Projet de loi de Finances pour 2024

Monsieur le Président,

Monsieur le Ministre qui reste,

Monsieur le Président de la Commission des Finances,

- Parce que j’avais noté Messieurs les Ministres

Monsieur le Rapporteur général,

Mes Chers Collègues,


La France est un paradis peuplé de gens qui se croient en enfer. Ça n’est pas moi qui le dit, c’est Sylvain Tesson, mais je crois qu’il a raison. Tellement raison, même, qu’il est difficile de convaincre les Français qu’ils ne vivent pas en enfer… Difficile de convaincre certains Sénateurs également !

Mais au plan budgétaire, Mes Chers Collègues, qu’est-ce que l’enfer ?

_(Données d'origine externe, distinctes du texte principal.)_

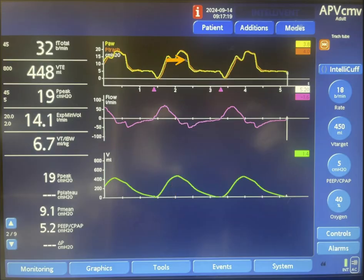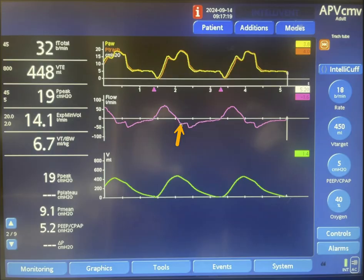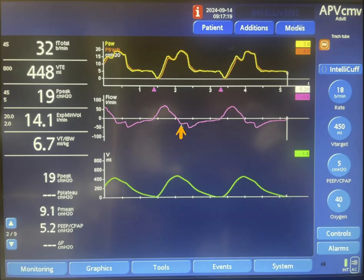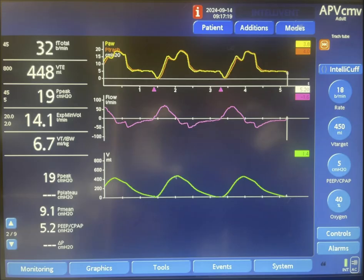Now take a look here — the machine is still in inspiration, but the pressure increased. Let's correlate this with the flow. You will see that we have a negative flow, meaning expiratory flow. Expiration starts here, however the machine is still in inspiration. This expiratory flow resulted in a decrease in volume from 450 ml down to around 380 or 390 ml. This is the amount of air that is exhaled because of the expiratory efforts of the patient during the machine's inspiration.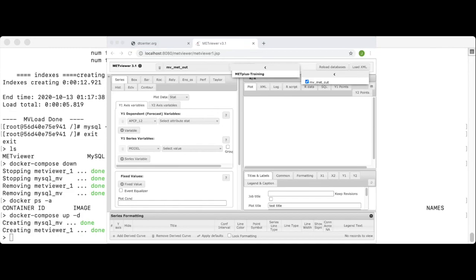And not only that, the MV met out database still exists. This is the reason why we write the MySQL output file to your local machine. Whenever you relaunch met viewer, it reads any existing database information from those files. You can stop and start the met viewer container whenever you'd like without losing any data.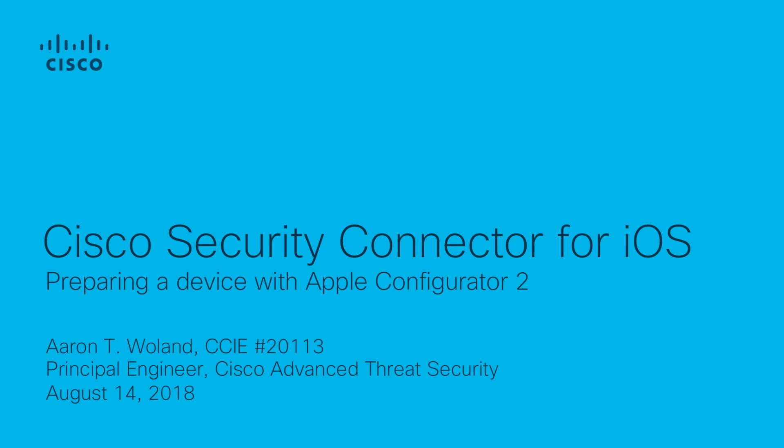Hi, I'm Aaron Wolland. I'm a principal engineer with Cisco's Advanced Threat Security Group, and I'm going to do a quick video for you on how to prepare an iOS device for the Cisco Security Connector using Apple's Configurator 2 app on a Mac.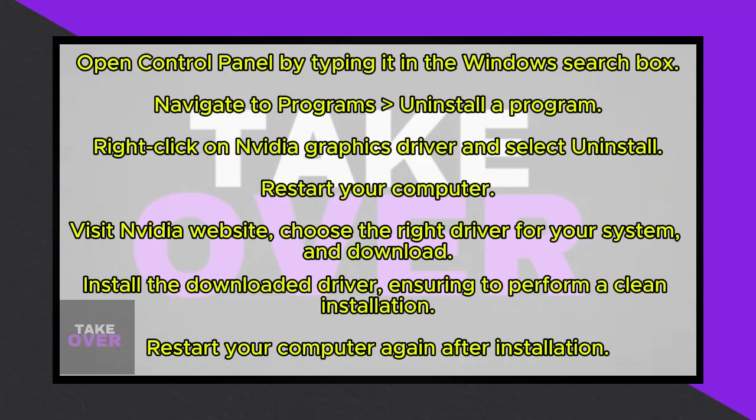Choose the appropriate product type, series, and graphic card, ensuring compatibility with your system. Select your operating system, Windows 10 or Windows 11, and click Start Search.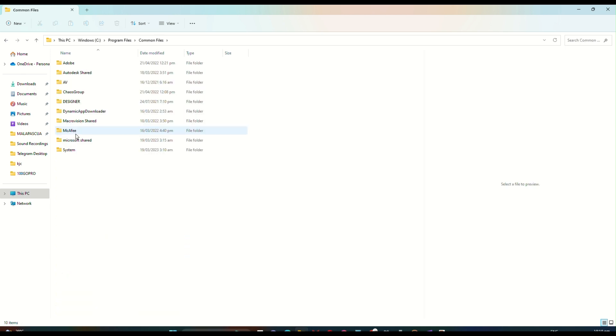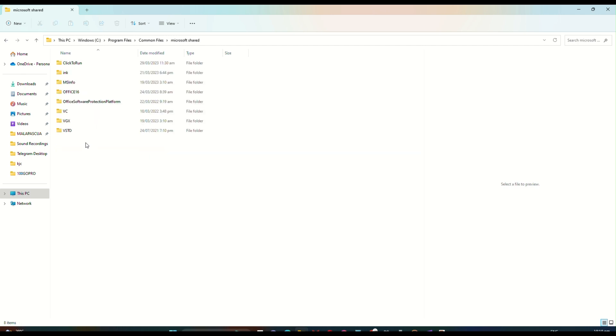Once you click on that, you will be able to see Microsoft Shared, and here is the part where you need to run the Office Software Protection Platform three times. You need to run this three times in order for your Microsoft Office to work.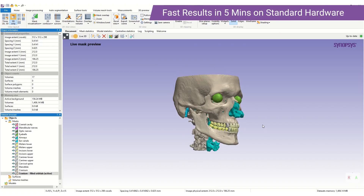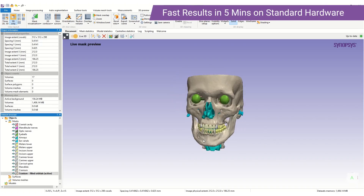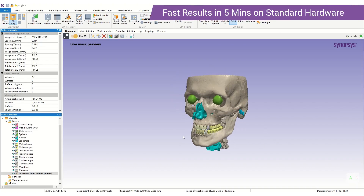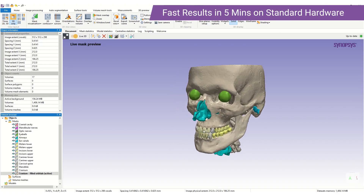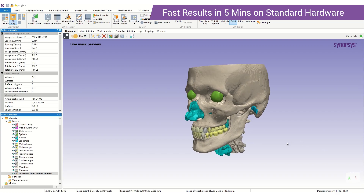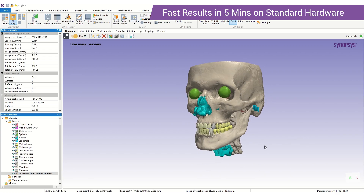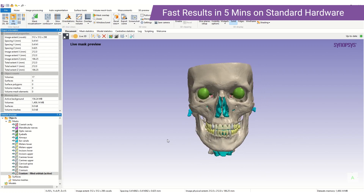The meshes produced by the CMF auto segmenter include the cranium, mandible, cervical spine, teeth, ear canals, airways, eyeballs, optic nerves, mandibular nerves and the cranial cavity.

L’enfer, c’est quand les prélèvements obligatoires atteignent des niveaux confiscatoires. C’est quand la dette explose. C’est quand l’inflation s’emballe. C’est quand les services publics ne fonctionnent plus, alors même qu’ils n’ont jamais bénéficié de moyens financiers aussi importants… C’est quand le pays semble au bord de l’implosion. C’est ça l’enfer !

Et au contraire : qu’est-ce que le paradis, au plan budgétaire ?

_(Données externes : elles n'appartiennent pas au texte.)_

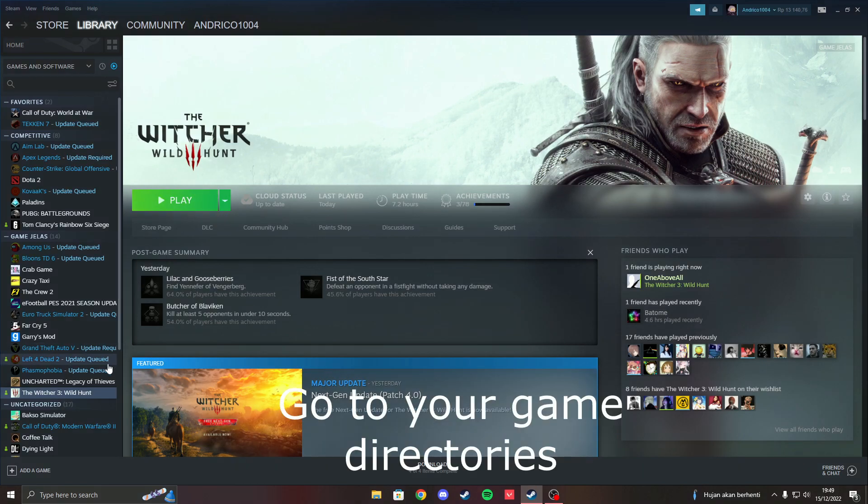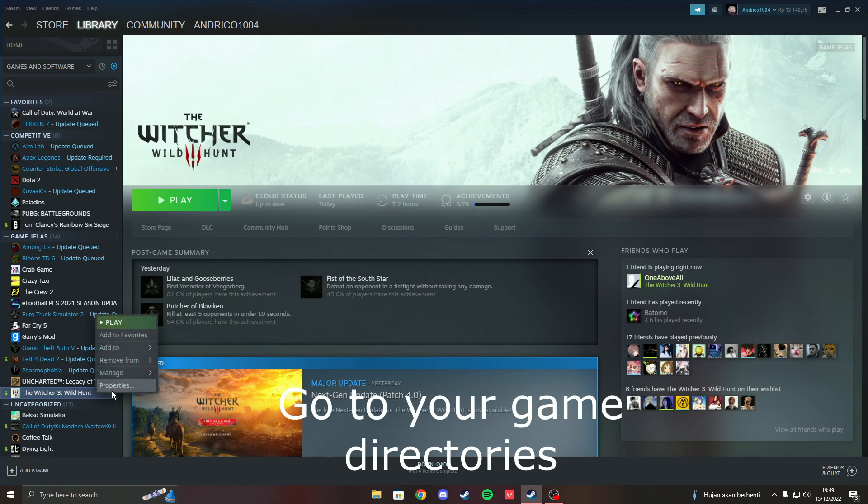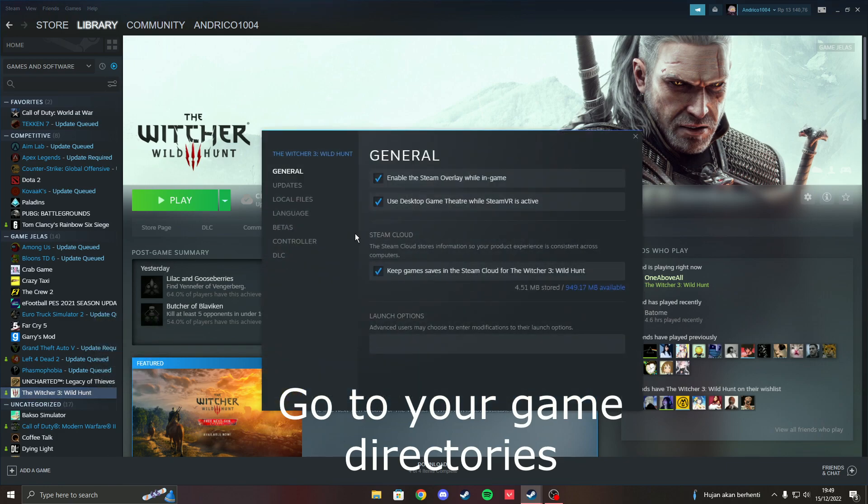Hello. Now I will tell you how to fix the Steam overlay on the Witcher 3 next gen update.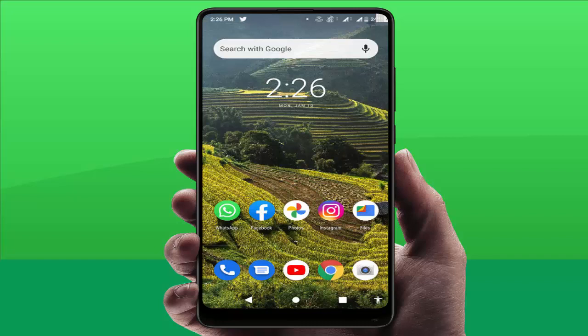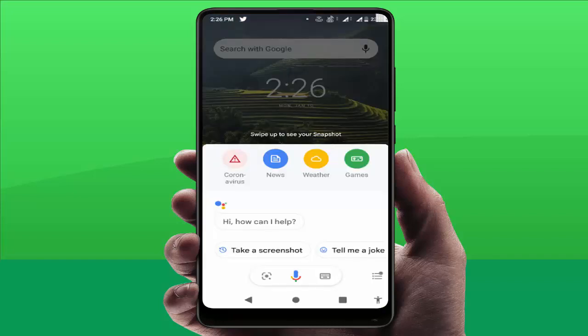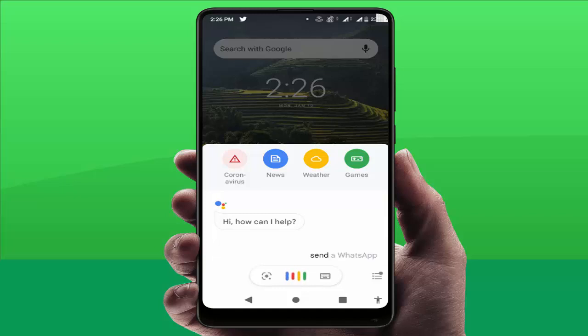To do this, first of all you need to launch the Google Assistant on your device like this. After this, you need to use this command: send WhatsApp message.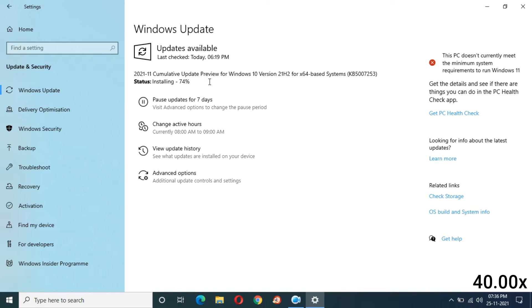At 1 hour and 6 minutes completed, it is still at 74%. What is this, Microsoft? Now you can see installing at 75% — OK, it is moving now.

Le paradis, c’est quand les impôts sont suffisamment bas pour permettre aux gens de vivre dignement de leur travail, et aux entreprises d’être compétitives et innovantes. C’est quand les services publics se modernisent. C’est quand les comptes sont maîtrisés et que la signature de l’État inspire confiance.

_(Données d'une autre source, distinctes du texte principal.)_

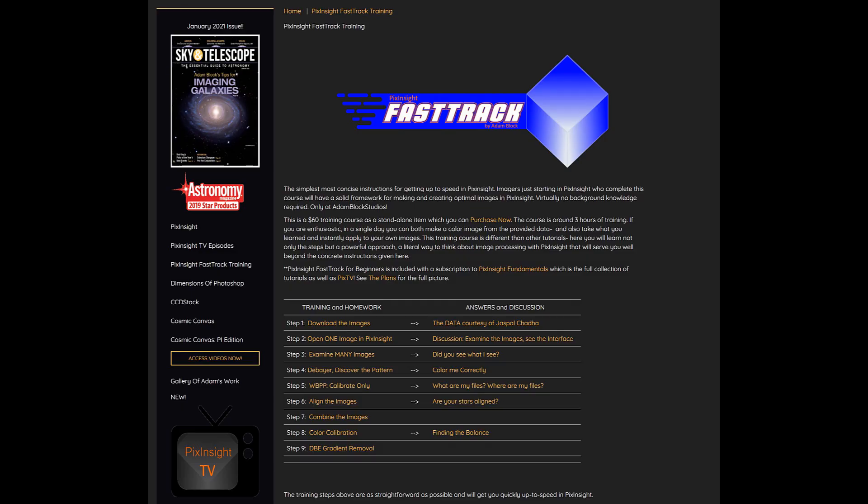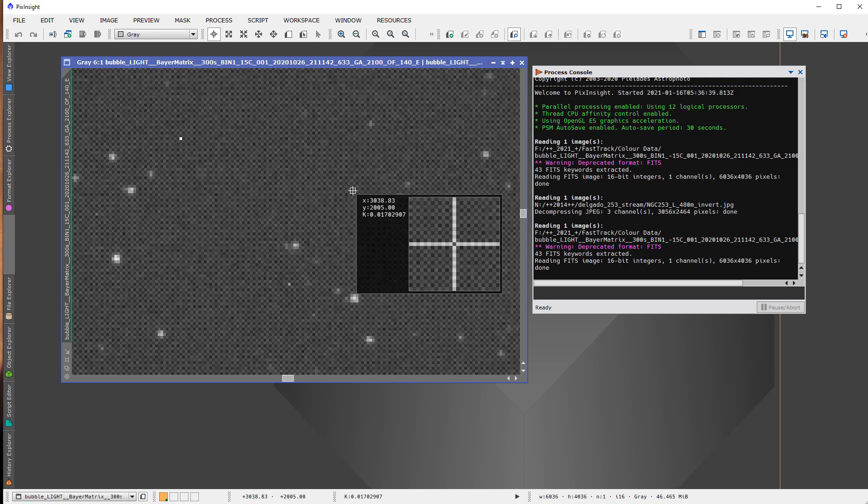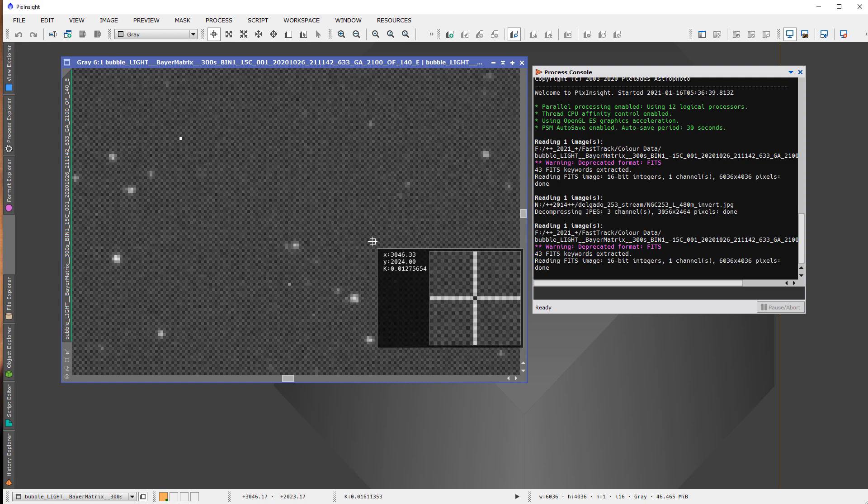Hi everyone! I have finally produced a specially crafted course for those people that are just getting started in PixInsight. This is a course that highlights not only the steps — those you can find anywhere — but the special relationship between the data that you're working with and how that interacts with PixInsight.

Alors, mes Chers Collègues, Sylvain Tesson a-t-il raison ?


À mon avis, c’est fort probable.


Bien sûr, il n’est pas difficile de trouver les éléments prouvant que la France est effectivement un enfer budgétaire et notre Collègue LAVARDE en a cité quelques-uns abondamment. D’ailleurs, c’est peut-être l’opinion qui domine chez nos concitoyens et chez certains d’entre vous.


Avec plus de 3.000 milliards d’euros de dette publique ; un déficit chronique ; une balance commerciale structurellement déficitaire ; un taux d’inflation supérieur au taux de croissance ; une dépense publique à 55% du PIB ; un taux de prélèvements obligatoires parmi les plus élevés au monde ; des services publics sous tension ; un taux de chômage qui pourrait repartir à la hausse : il y a de quoi dresser un tableau alarmant.


Mais la France semble aussi, au plan budgétaire, un paradis sur terre. Pour s’en convaincre, le plus simple est sans doute de s’intéresser à ce que les étrangers pensent de notre pays.


Selon le Prix Nobel d’Économie Paul KRUGMAN, la France est le pays qui a le mieux géré la crise.

Selon Der Spiegel, la France, c’est l’Allemagne en mieux, alors que l’économie peine à redémarrer outre-Rhin...


La France, c’est le pays qui attire, en Europe, le plus d’investissements étrangers. Les notations restent excellentes.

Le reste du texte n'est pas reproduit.